**Items listed in a dataset:**
□ □ □ □

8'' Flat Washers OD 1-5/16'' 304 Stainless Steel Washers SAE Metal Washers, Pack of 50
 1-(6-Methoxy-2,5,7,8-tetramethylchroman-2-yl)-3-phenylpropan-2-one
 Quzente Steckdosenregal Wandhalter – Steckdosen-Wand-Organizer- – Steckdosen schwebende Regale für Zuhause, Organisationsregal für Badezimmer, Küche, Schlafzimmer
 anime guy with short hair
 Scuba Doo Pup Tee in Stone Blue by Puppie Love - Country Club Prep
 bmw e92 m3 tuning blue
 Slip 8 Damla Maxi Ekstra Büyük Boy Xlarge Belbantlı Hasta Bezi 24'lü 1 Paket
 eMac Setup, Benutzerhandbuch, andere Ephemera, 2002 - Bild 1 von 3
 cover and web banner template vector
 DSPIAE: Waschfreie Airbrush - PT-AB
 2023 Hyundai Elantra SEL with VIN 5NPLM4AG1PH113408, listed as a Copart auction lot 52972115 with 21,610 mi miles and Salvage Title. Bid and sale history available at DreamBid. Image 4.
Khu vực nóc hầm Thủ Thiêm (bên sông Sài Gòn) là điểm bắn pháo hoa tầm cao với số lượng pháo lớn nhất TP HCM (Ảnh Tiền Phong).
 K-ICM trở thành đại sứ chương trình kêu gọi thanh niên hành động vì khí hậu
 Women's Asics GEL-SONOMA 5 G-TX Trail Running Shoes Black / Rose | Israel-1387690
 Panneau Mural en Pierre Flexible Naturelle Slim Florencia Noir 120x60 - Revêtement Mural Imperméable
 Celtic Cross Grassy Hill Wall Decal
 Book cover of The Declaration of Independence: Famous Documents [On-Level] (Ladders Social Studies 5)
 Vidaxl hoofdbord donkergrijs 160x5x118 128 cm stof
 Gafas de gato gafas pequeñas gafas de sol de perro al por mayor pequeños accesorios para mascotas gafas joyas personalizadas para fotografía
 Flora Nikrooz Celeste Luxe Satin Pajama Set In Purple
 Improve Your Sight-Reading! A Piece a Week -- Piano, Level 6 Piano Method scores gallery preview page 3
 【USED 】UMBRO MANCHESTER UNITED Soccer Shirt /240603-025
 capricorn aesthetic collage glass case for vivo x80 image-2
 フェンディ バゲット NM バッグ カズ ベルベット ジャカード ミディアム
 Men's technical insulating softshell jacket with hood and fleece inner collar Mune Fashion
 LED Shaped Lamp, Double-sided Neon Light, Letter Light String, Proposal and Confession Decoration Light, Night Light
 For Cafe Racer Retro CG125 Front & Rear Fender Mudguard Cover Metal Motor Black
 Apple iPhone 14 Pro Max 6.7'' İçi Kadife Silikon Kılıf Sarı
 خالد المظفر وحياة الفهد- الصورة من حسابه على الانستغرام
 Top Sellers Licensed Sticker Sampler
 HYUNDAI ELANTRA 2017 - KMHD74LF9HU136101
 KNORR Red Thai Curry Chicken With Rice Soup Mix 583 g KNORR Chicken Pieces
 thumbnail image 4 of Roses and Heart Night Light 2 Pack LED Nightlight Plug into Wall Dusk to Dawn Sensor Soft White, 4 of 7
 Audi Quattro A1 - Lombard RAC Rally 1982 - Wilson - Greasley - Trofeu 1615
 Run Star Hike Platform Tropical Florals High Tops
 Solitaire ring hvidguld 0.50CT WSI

□ □ □ □

**REQUIRED WORK:**
Lines after the one containing "Vidaxl hoofdbord donkergrijs" are not wanted; repeat exactly each line above from the first up to and including it.

**ANSWER BELOW:**
8'' Flat Washers OD 1-5/16'' 304 Stainless Steel Washers SAE Metal Washers, Pack of 50
 1-(6-Methoxy-2,5,7,8-tetramethylchroman-2-yl)-3-phenylpropan-2-one
 Quzente Steckdosenregal Wandhalter – Steckdosen-Wand-Organizer- – Steckdosen schwebende Regale für Zuhause, Organisationsregal für Badezimmer, Küche, Schlafzimmer
 anime guy with short hair
 Scuba Doo Pup Tee in Stone Blue by Puppie Love - Country Club Prep
 bmw e92 m3 tuning blue
 Slip 8 Damla Maxi Ekstra Büyük Boy Xlarge Belbantlı Hasta Bezi 24'lü 1 Paket
 eMac Setup, Benutzerhandbuch, andere Ephemera, 2002 - Bild 1 von 3
 cover and web banner template vector
 DSPIAE: Waschfreie Airbrush - PT-AB
 2023 Hyundai Elantra SEL with VIN 5NPLM4AG1PH113408, listed as a Copart auction lot 52972115 with 21,610 mi miles and Salvage Title. Bid and sale history available at DreamBid. Image 4.
Khu vực nóc hầm Thủ Thiêm (bên sông Sài Gòn) là điểm bắn pháo hoa tầm cao với số lượng pháo lớn nhất TP HCM (Ảnh Tiền Phong).
 K-ICM trở thành đại sứ chương trình kêu gọi thanh niên hành động vì khí hậu
 Women's Asics GEL-SONOMA 5 G-TX Trail Running Shoes Black / Rose | Israel-1387690
 Panneau Mural en Pierre Flexible Naturelle Slim Florencia Noir 120x60 - Revêtement Mural Imperméable
 Celtic Cross Grassy Hill Wall Decal
 Book cover of The Declaration of Independence: Famous Documents [On-Level] (Ladders Social Studies 5)
 Vidaxl hoofdbord donkergrijs 160x5x118 128 cm stof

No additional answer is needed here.